Web page caption snippets
----
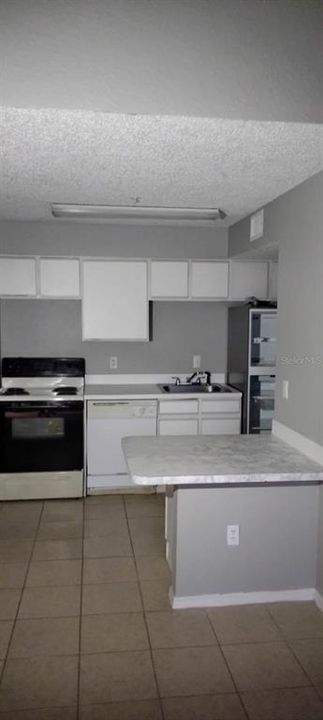 Recently Rented: $1,250 (1 beds, 1 baths, 530 Square Feet)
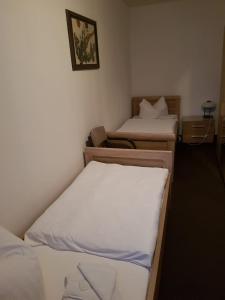 Кровать или кровати в номере Hotel zum Mückenberger Hof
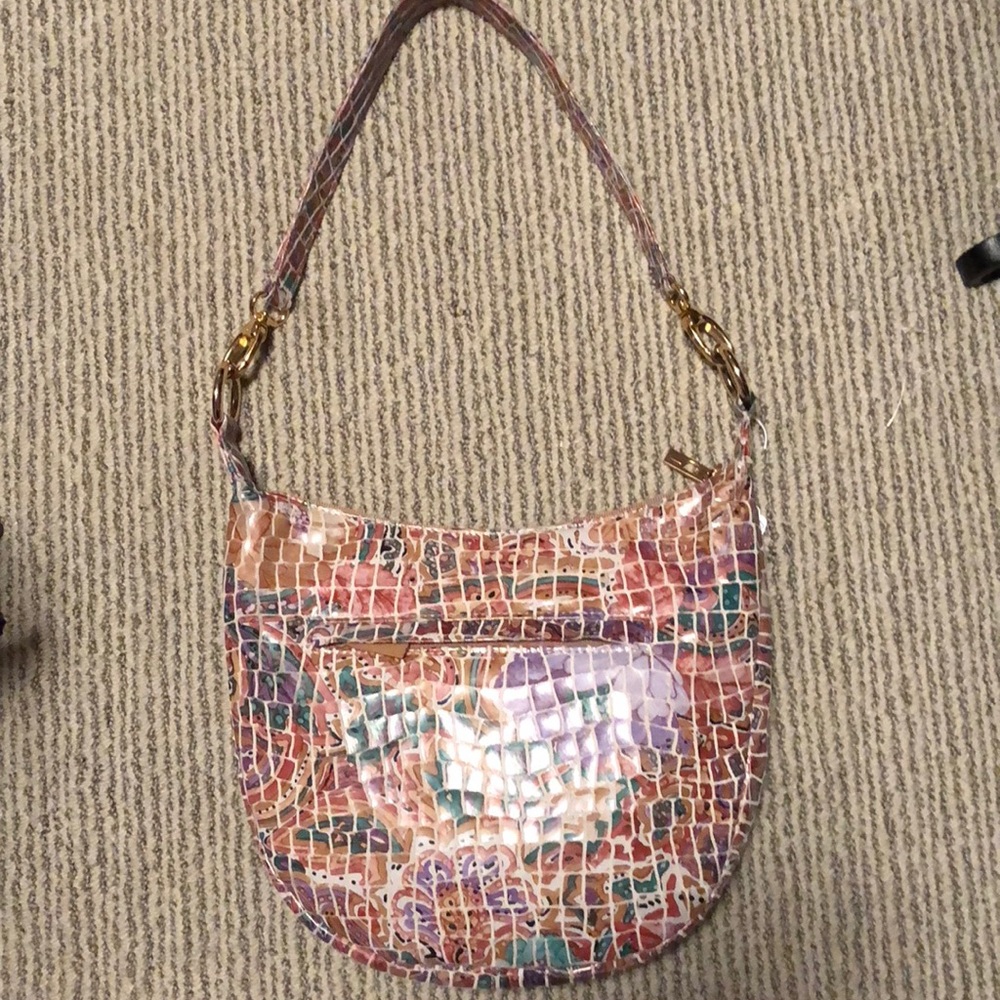 Pinky leather reptiles shoulder bag.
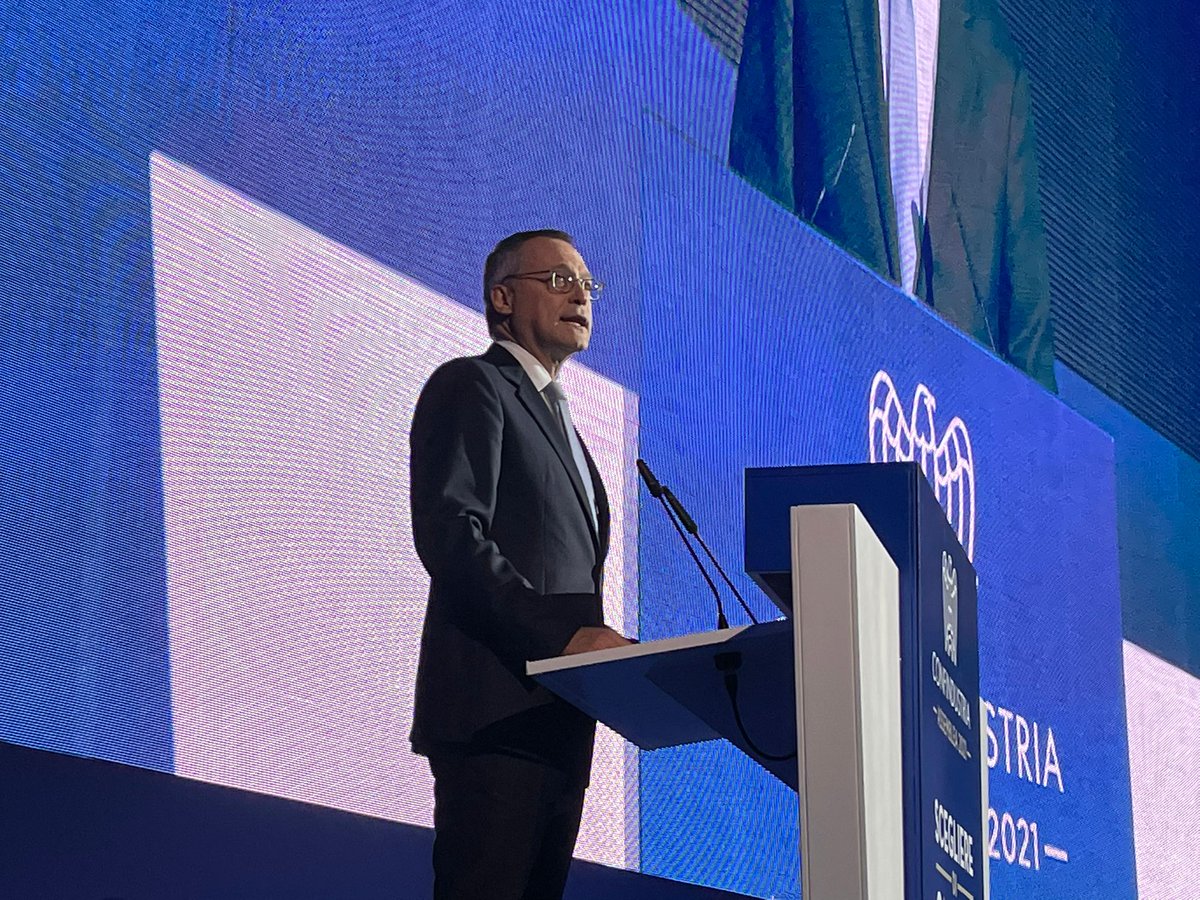 In Confindustria non c’è alcuna tentazione di non assumere obiettivi gli obiettivi radicali del Fit-for-55 ma occorre un orizzonte temporale credibile, una reale cooperazione mondiale e una chiara politica industriale - <a href="/CarloBonomi_/">Carlo Bonomi</a> #Confindustria2021 #ScegliereDiCambiare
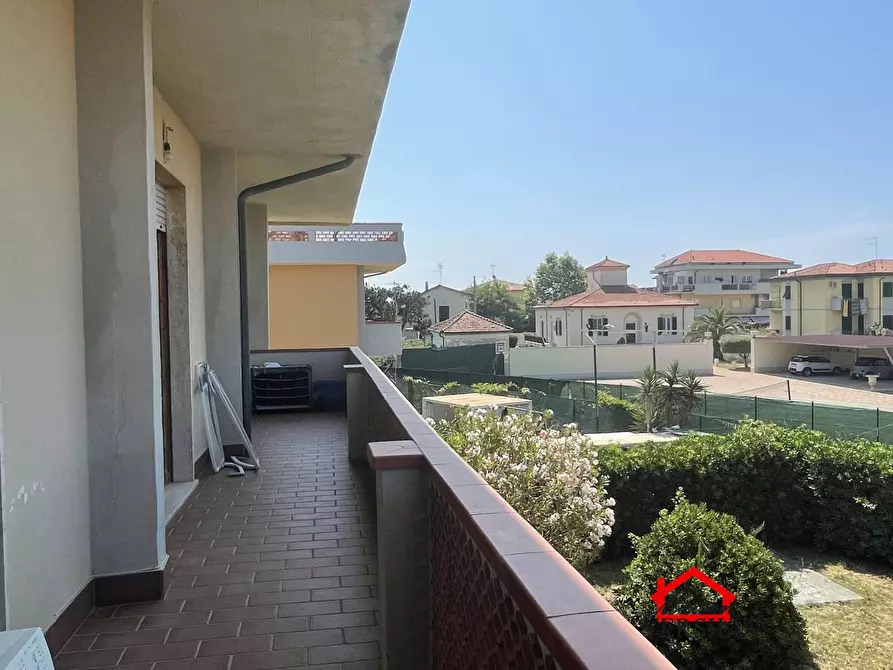 Immagine 1 di Appartamento in vendita  a Carrara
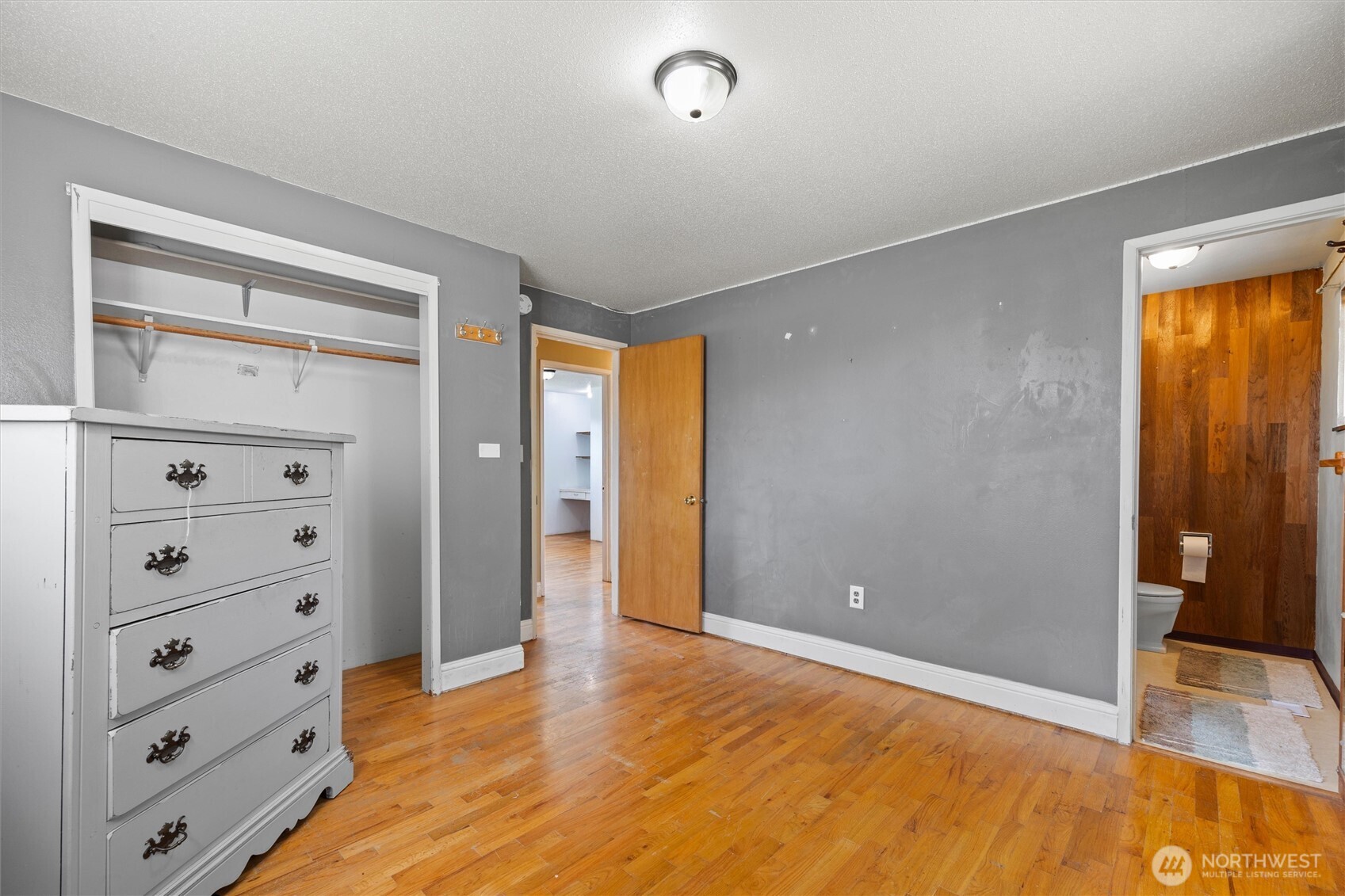 705 N 12th Street , Selah, WA 98942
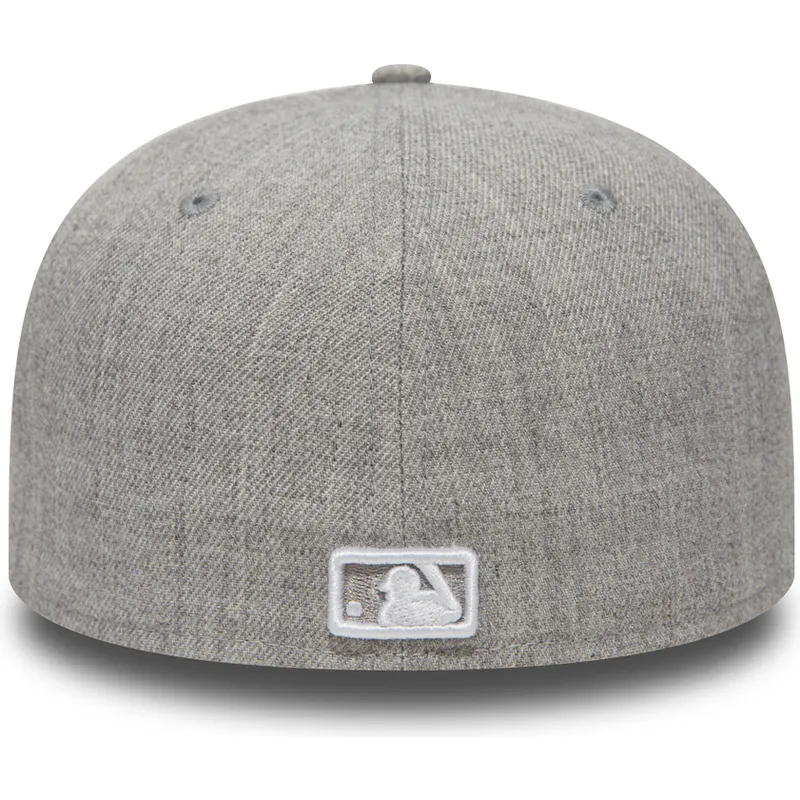 shapka-ploska-siv-prilepnala-59fifty-essential-na-new-york-yankees-mlb-ot-new-era shapka-ploska-siv-prilepnala-59fifty-essential-na-new-york-yankees-mlb-ot-new-era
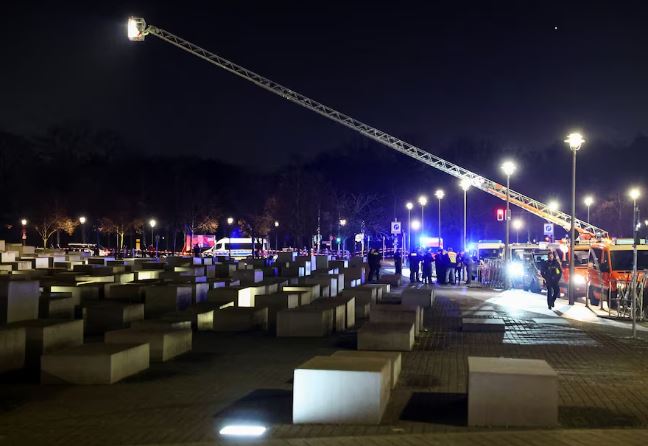 Sulmi me thikë në Memorialin e Holokaustit/ Policia e Berlinit arreston autorin e dyshuar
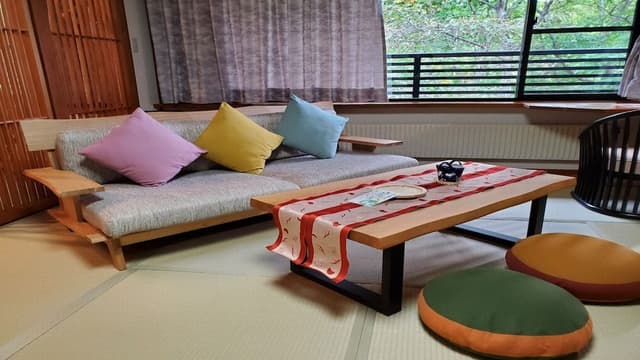 [Chic Modern] Twin + Japanese Room with 8 Tatami Mats, Non-Smoking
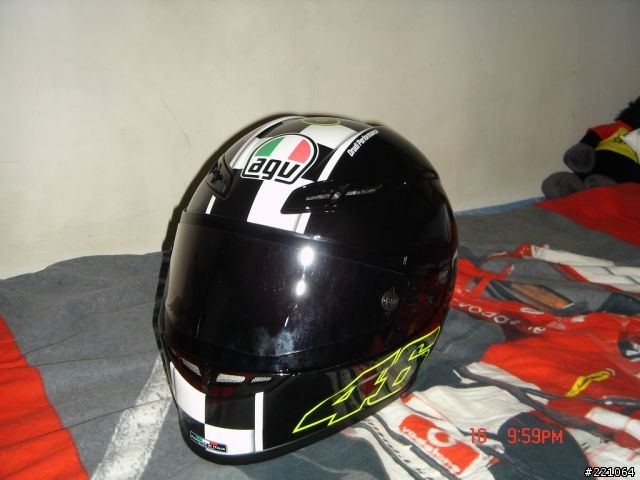 [純開箱文]AGV GP-TECH ROSSI 8次世界冠軍 冠軍帽入手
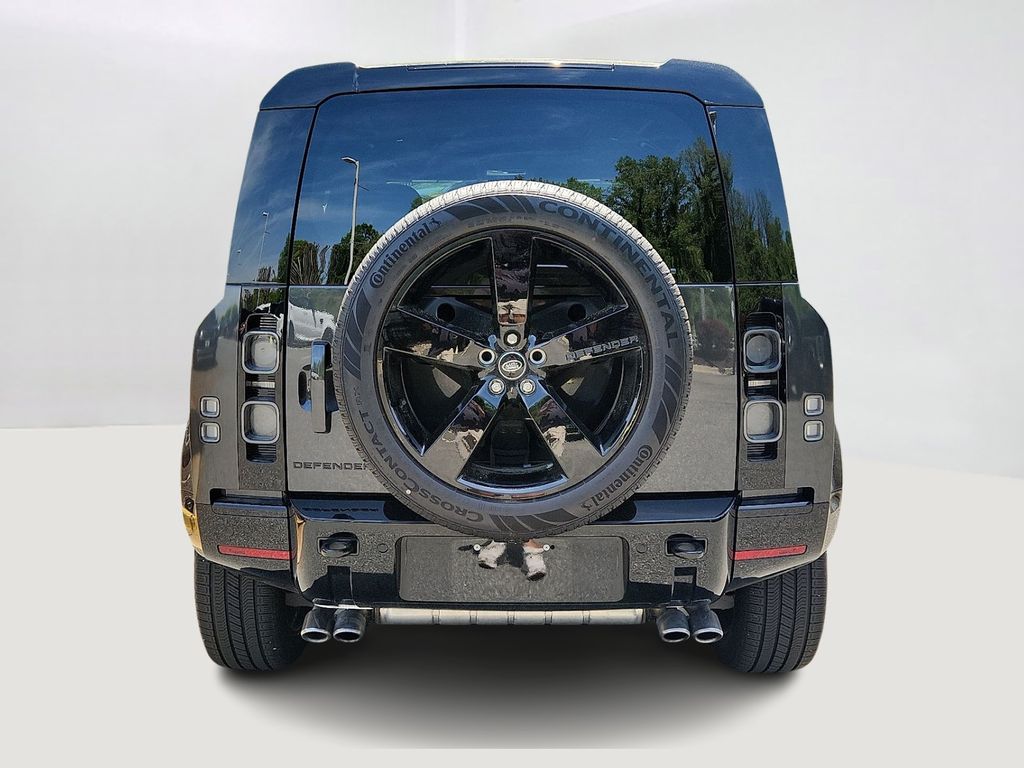 2025 Land Rover Defender 110 6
----
### [ASSIGNMENT]
Please keep the pictures out and reproduce the records above exactly.

### [ANSWER FOR THIS EXERCISE]
 Recently Rented: $1,250 (1 beds, 1 baths, 530 Square Feet)
 Кровать или кровати в номере Hotel zum Mückenberger Hof
 Pinky leather reptiles shoulder bag.
 In Confindustria non c’è alcuna tentazione di non assumere obiettivi gli obiettivi radicali del Fit-for-55 ma occorre un orizzonte temporale credibile, una reale cooperazione mondiale e una chiara politica industriale - <a href="/CarloBonomi_/">Carlo Bonomi</a> #Confindustria2021 #ScegliereDiCambiare
 Immagine 1 di Appartamento in vendita  a Carrara
 705 N 12th Street , Selah, WA 98942
 shapka-ploska-siv-prilepnala-59fifty-essential-na-new-york-yankees-mlb-ot-new-era shapka-ploska-siv-prilepnala-59fifty-essential-na-new-york-yankees-mlb-ot-new-era
 Sulmi me thikë në Memorialin e Holokaustit/ Policia e Berlinit arreston autorin e dyshuar
 [Chic Modern] Twin + Japanese Room with 8 Tatami Mats, Non-Smoking
 [純開箱文]AGV GP-TECH ROSSI 8次世界冠軍 冠軍帽入手
 2025 Land Rover Defender 110 6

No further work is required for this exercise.